Westpac's Jason Yetton has highlighted that businesses need to begin responding better to technology changes, and believes raising education levels and investing in R&D is the way to go.

Jason Yetton, Westpac Group executive in retail and business banking, believes raising education standards, providing more support for small to medium enterprises, and ensuring that government polices support research and development will help businesses better respond to the technology-related changes that are currently occurring.

During his presentation at the Trans-Tasman Business Circle in Sydney, Yetton highlighted that all industries, including banking, have entered into a world where business as usual is no longer good enough, and digitisation is customer led -- not business led.

He said that despite a general awareness by industries that times are changing, more support is needed. For example, he said the education sector could potentially lead in this by taking advantage of the emerging middle class in countries such as India and China.

"This is Australia's largest non-export industry and the third-largest after iron ore and coal, generating about AU$15 billion in revenues each year. The opportunities presented by the emerging demand for education and reskilling in the Asia-Pacific, including through online technologies, are immense," Yetton said.

Education is also another key area that will help support 60 percent of Australian SMEs that do not have the skills to make the most of online services, Yetton said.

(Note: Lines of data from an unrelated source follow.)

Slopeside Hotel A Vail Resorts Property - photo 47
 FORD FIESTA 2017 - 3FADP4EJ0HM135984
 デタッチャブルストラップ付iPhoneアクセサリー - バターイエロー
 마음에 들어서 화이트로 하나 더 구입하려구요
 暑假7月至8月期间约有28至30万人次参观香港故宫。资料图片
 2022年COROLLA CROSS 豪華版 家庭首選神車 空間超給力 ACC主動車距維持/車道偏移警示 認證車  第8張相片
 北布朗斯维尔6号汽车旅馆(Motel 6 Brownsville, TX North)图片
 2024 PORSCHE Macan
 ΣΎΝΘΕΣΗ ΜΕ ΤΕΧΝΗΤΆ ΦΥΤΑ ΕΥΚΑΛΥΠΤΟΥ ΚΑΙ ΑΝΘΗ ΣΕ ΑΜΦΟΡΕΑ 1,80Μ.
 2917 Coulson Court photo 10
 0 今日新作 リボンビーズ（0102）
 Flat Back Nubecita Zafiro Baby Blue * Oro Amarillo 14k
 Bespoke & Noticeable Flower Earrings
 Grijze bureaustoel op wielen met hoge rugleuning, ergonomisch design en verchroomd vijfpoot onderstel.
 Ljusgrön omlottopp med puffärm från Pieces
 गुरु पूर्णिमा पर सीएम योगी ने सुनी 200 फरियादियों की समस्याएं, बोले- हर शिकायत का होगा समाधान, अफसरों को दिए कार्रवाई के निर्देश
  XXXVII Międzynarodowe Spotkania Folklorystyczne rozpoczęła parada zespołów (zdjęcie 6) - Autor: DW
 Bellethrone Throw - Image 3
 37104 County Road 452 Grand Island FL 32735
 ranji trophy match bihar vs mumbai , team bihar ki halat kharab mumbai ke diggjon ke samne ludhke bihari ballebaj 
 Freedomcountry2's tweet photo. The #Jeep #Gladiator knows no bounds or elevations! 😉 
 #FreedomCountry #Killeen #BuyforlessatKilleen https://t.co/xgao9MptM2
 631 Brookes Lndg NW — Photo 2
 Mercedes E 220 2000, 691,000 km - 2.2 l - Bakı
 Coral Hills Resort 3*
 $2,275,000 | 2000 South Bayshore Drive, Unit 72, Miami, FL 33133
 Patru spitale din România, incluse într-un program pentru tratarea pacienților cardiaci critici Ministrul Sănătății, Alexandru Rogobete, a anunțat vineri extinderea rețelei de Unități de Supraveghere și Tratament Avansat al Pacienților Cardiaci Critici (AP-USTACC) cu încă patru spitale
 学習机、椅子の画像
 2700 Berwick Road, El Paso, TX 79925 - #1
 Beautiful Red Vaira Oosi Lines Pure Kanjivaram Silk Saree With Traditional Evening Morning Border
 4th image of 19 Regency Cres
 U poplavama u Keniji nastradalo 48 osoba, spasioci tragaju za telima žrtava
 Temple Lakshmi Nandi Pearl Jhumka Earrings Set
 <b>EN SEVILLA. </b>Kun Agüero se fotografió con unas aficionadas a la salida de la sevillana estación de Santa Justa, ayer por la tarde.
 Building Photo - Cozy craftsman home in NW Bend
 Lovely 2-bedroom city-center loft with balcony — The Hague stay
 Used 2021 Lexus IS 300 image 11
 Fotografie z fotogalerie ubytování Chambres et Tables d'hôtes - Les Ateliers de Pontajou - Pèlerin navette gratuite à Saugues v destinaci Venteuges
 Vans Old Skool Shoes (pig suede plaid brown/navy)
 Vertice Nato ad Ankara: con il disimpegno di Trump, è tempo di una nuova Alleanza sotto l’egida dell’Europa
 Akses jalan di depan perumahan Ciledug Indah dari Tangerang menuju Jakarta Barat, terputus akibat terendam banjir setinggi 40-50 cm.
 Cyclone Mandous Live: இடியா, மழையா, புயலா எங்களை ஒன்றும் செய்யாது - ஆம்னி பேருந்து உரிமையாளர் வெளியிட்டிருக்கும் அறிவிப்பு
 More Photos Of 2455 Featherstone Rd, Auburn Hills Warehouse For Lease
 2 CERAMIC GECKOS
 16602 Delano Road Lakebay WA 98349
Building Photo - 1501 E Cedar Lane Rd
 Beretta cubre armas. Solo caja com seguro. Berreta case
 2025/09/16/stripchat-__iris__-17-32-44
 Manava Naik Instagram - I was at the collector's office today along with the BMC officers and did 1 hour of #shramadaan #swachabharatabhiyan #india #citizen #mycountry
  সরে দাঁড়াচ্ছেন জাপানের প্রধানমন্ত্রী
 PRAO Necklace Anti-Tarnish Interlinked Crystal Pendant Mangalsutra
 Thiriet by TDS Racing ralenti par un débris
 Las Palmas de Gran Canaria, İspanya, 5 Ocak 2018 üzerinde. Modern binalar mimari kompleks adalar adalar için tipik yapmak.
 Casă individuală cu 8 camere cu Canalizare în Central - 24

"As we know, online sales have increased significantly, growing by 25 percent from 2011 to 2012. While the rate of growth has slowed in 2014 to about 13 percent, it is still growing at a faster rate than traditional retail.

"So we need to provide forums and avenues for education and advice on technology and online for our SMEs," he said.

At the same time, Yetton pointed out that Australia is not investing enough in R&D because factors such as government policies, grants, tax incentives, and projects such as the National Broadband Network (NBN) are hindrances. In comparison to global counterparts -- such as the United States, which will spend around 2.8 percent of its total GDP on R&D -- he said Australia will only spend AU$9.2 billion on R&D in 2014-15, which translates to only 0.56 percent of GDP.

When it came to speaking about where Westpac stands in all of these changes, Yetton admitted that the "digital era" is forcing the bank to rework its operations and products. However, he noted that conventional channels such as its branches will continue to play an important role -- but not in the "traditional manner".

For instance, Westpac recently announced that it is investing AU$40 million to roll out 150 Bank Now branches over the next three years to rural Australia, which are smaller and fitted out with tablets and video-conferencing facilities.

The Bank Now branches are part of Westpac's overall "digitisation" program. Last year, Westpac's focus on technology helped it achieve profit of AU$3.6 billion for the first half of the 2014 financial year.